● **Stored items from a collection**:
= Beginning of Section =
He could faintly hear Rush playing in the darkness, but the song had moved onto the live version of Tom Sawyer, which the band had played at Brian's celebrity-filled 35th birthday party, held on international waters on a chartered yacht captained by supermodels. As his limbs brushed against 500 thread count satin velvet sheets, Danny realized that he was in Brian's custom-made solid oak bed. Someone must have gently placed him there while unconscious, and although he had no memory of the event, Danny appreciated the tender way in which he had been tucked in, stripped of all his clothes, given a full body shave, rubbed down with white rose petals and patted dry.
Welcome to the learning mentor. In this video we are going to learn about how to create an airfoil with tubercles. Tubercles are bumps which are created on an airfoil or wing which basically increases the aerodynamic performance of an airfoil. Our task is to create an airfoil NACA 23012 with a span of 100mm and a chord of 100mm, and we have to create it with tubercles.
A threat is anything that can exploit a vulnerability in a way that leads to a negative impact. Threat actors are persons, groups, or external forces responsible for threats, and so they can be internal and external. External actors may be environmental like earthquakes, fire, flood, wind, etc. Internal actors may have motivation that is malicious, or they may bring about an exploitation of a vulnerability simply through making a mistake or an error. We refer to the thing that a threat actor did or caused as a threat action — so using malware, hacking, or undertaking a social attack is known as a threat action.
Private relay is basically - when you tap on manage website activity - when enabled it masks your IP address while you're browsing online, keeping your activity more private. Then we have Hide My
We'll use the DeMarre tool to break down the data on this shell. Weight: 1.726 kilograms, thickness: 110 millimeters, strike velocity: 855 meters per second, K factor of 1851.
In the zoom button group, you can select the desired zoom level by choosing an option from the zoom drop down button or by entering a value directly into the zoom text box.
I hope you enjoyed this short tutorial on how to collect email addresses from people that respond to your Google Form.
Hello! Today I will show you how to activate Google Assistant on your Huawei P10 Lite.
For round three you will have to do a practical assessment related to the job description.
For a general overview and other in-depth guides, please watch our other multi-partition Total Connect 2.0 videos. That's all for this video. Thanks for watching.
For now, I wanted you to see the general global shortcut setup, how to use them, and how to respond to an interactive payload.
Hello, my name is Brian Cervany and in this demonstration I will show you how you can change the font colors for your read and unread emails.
= End of Section =
● **Exercise brief**: If a line in the entries above has the word "while", copy it.

● **Exercise response**:
He could faintly hear Rush playing in the darkness, but the song had moved onto the live version of Tom Sawyer, which the band had played at Brian's celebrity-filled 35th birthday party, held on international waters on a chartered yacht captained by supermodels. As his limbs brushed against 500 thread count satin velvet sheets, Danny realized that he was in Brian's custom-made solid oak bed. Someone must have gently placed him there while unconscious, and although he had no memory of the event, Danny appreciated the tender way in which he had been tucked in, stripped of all his clothes, given a full body shave, rubbed down with white rose petals and patted dry.
Private relay is basically - when you tap on manage website activity - when enabled it masks your IP address while you're browsing online, keeping your activity more private. Then we have Hide My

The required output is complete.